As early as 1871 there were 78 Irish Sisters in the group of 137 Josephites. Some of these Irish women immigrated to Australia with their families and others travelled alone.

Then in 1874, following Mary MacKillop’s visit to Rome to seek approval for her fledgling Congregation, she travelled on to Ireland where she stayed for three months. Mary visited a number of religious congregations, explored the Irish National school system and talked wherever she could about the needs in Australia.

Irish Sisters at Newmarket, Co. Cork, Ireland in 2016.

In October 1874, Mary left Dublin to return to Australia with 15 young Irish women who were to join her in her mission in Australia. From this time a strong link with Ireland was forged and continues to grow.

Over the history of the Josephite Congregation, the vision of Mother Mary MacKillop inspired many Irish girls. Some as young as 14 left their homes, never to see family or country again. All of them positively influenced the development of peoples in Australia, New Zealand and in later years  Peru.

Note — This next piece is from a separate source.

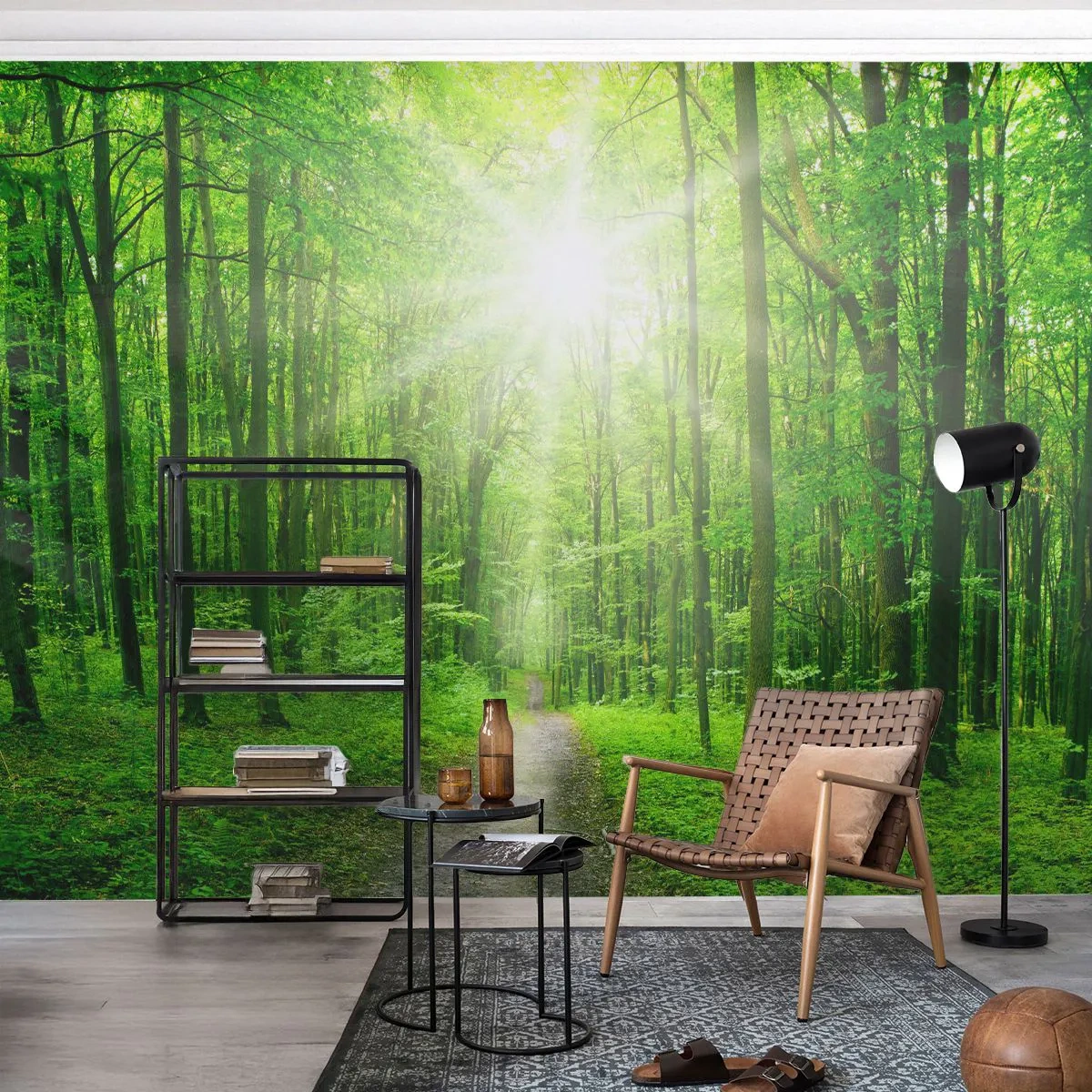 Fotomurali Premium Canvas - Sentiero nel bosco con raggi di sole - 100x70cm - Cattedrale verde - Decorazione murale moderna per soggiorno e camera da letto ARTTOR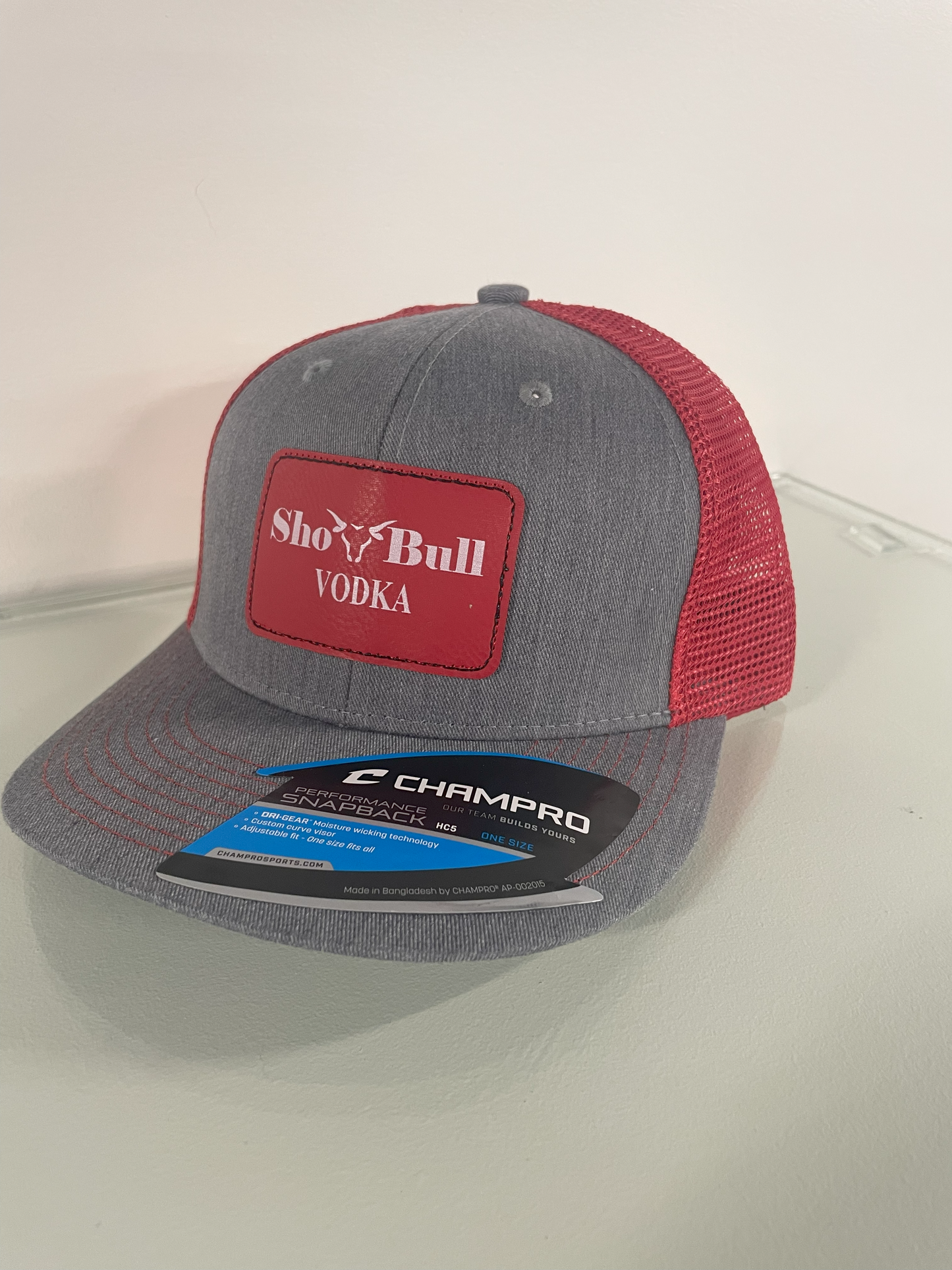Grey/Red w Red/White ShoBull Logo Flatbill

Altogether, over 840 Irish young women have left Ireland and joined the Congregation.

In the late 1990s, the decision was made to support Irish-born Sisters to return to Ireland for retirement and/or ministry. These sisters had ministered in Australia/New Zealand/Peru on average 40 years.

The Sisters of Saint Joseph give thanks for the many Irish Sisters who left their homeland to serve the Church in Australia and Aotearoa New Zealand. Those of us with Irish ancestry celebrate St Patrick’s love and care for the Irish people and the faith that has been handed down to us.